Watergate Skandalının Öyküsünden Çıkardıklarım
1. Watergate büyük bir iş merkezinin adı. Demokrat Parti'nin başkanlık seçimlerini yürütmek için kurdukları ofisler için bu iş merkezinde yer kiralanmış. Çünkü ABD partilerinin tüzel kişilikleri olmadığı gibi, bizimkiler gibi dev parti merkezi binaları da yok. Seçimlerden beş altı ay önce, bizimkilerin semtlerde kurdukları seçim büroları benzeri yerler tutuyorlar ve seçimden sonra kapatıyorlar.
2. Watergate skandalının üstünü kapatma çabalarının karşısında en çok direnen gazete Washington Post gazetesidir. En öne çıkan gazeteci de Carl Bernstain'dir. O an iktidarda olan başkanın karıştığı bilgisini aldıkları olayları, bilgi kaynaklarını açıklamadan ısrarla ve cesaretle haberleştirmişlerdir. Beyaz Saray'dan gelen yalanlama dışında (ve belki örtülü tehditler dışında) yasal muamele görmemişler.
3. Yargıç Srica, watergate'e sızma olayını, yakalananların kabule hazır oldukları 'hırsızlık olayı' üzerine kurma kolaycılığına kapılmamış, büyük tezgahın faillerinin araştırılmasına yol açmıştır.
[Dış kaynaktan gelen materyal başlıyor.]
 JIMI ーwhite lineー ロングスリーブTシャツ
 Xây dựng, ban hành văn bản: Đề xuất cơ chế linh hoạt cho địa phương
4. Özel savcı Cox, başkan tarafından yönlendirildiği sonradan anlaşılan CIA engellemesine ve beyaz saraydan aldığı tehdit mesajlarına rağmen olayla beyaz sarayın bağlantısını araştırmıştır.
5. Başkanın adalet bakanı özel savcı Cox'u görevden almaya istifa etmeyi dahi göze alarak yanaşmamıştır.
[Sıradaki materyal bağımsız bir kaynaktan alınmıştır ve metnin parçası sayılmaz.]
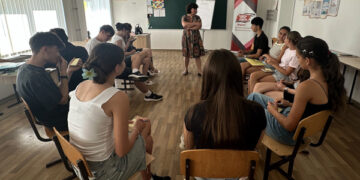 Școala de Vară „Tineri activi – comunități puternice”  a reunit 20 de tineri din Ungheni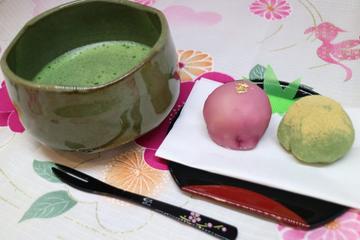 Japanese tea ceremony in Kyoto (casual clothes)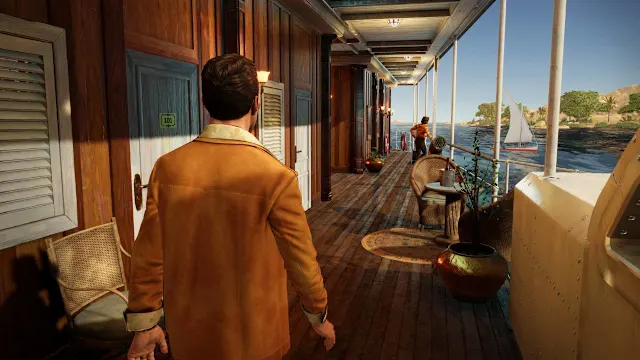 Agatha Christie - Death on the Nile screenshot 6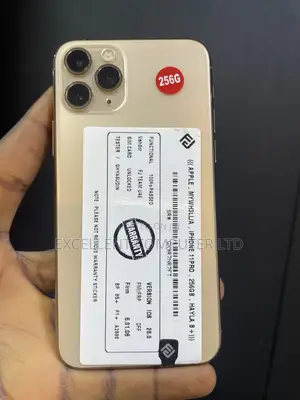 Apple iPhone 11 Pro 256 GB Gold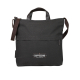 Sac noir de face avec marquage visible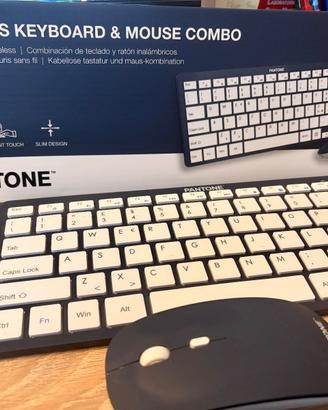 Tastiera con Mouse Linea Pantone
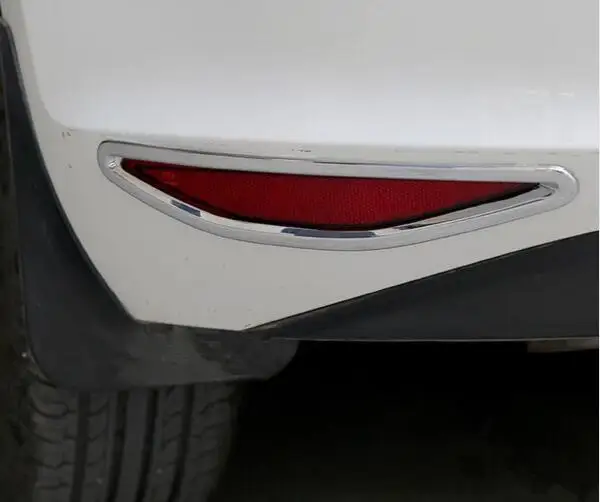 2 шт. хромированные задние противотуманные фары для Vw Volkswagen Golf 7 Mk7 | Автомобили и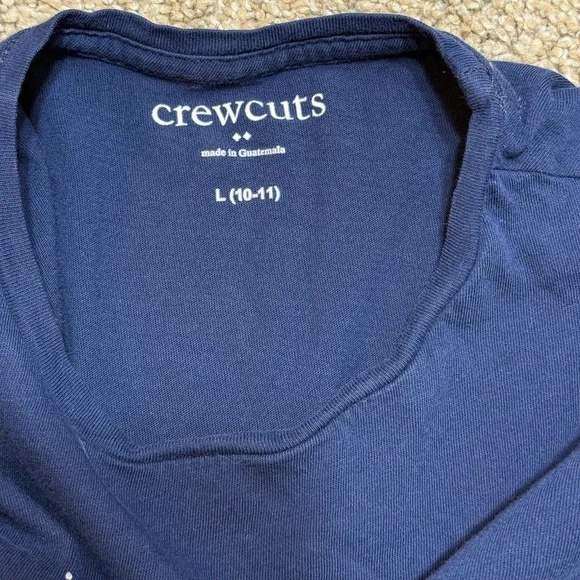 2 piece/$12 Pink Paris Graphic and Navy Constellations Kids T-Shirt Size L 10-11 - Picture 5 of 9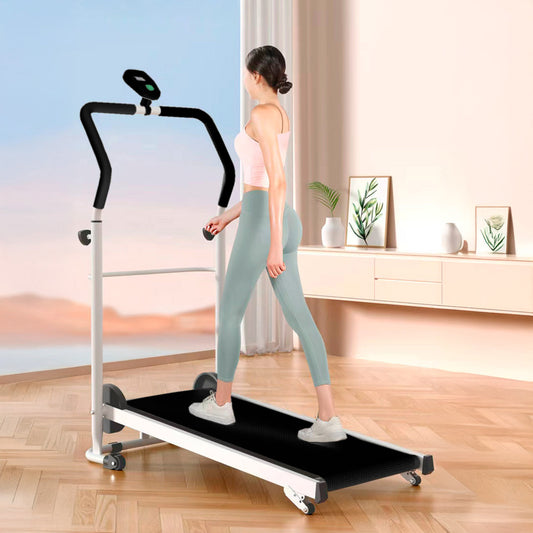 Trotadora Caminadora Mecánica Plegable Multifunción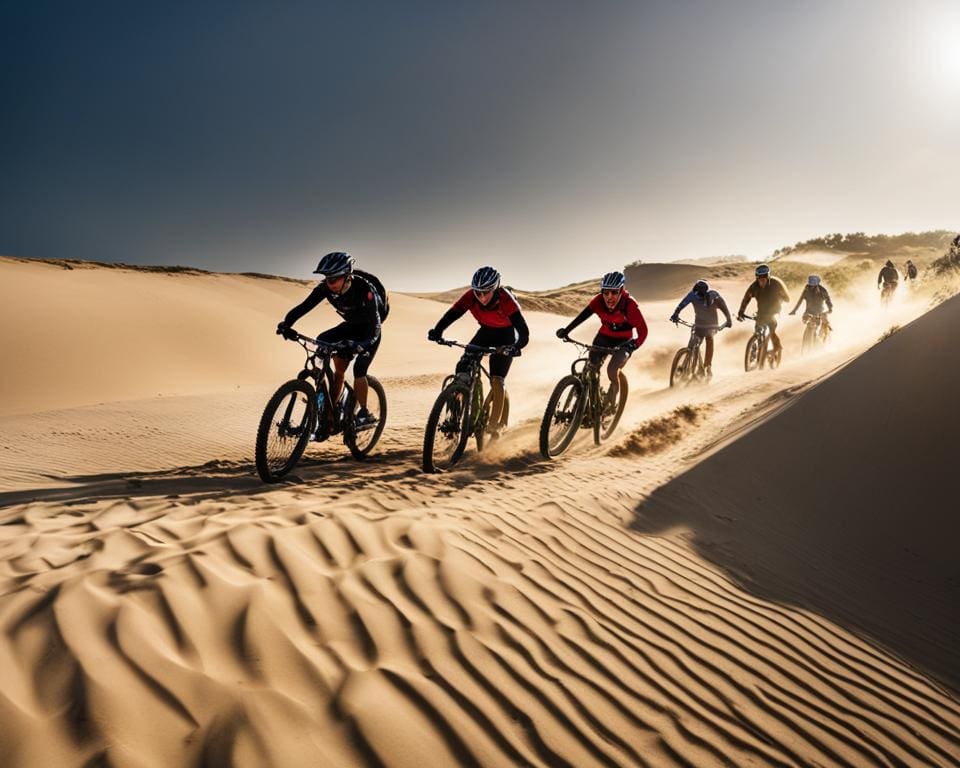 MTB Tocht in Bloemendaal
6. İstifa eden adalet bakanı yerine atanan adalet bakanı özel savcı Cox'u azletmiş fakat yerine atanan özel savcı da davayı sonuna kadar takip etmiştir.
Bunun olabilmesinin nedeni: ABD yasalarına göre, hükümet organlarında dile düşen yasa dışılık hallerinin soruşturulması, hükümet tarafından atanmış savcılara bırakılmaz. Politik ve menfaat ilişkileri olabileceği için adaletin yerine getirilemeyeceğinden endişe edilir. Bunun için, böylesi iddialar dillerde dolaşmaya başlayınca, sadece o işle ilgilenmek üzere özel savcı atanır, yetki ve imkan hazırlanır. Atanan özel savcı, sadece adalet bakanına veya parlamento kanatlarından birine rapor verir.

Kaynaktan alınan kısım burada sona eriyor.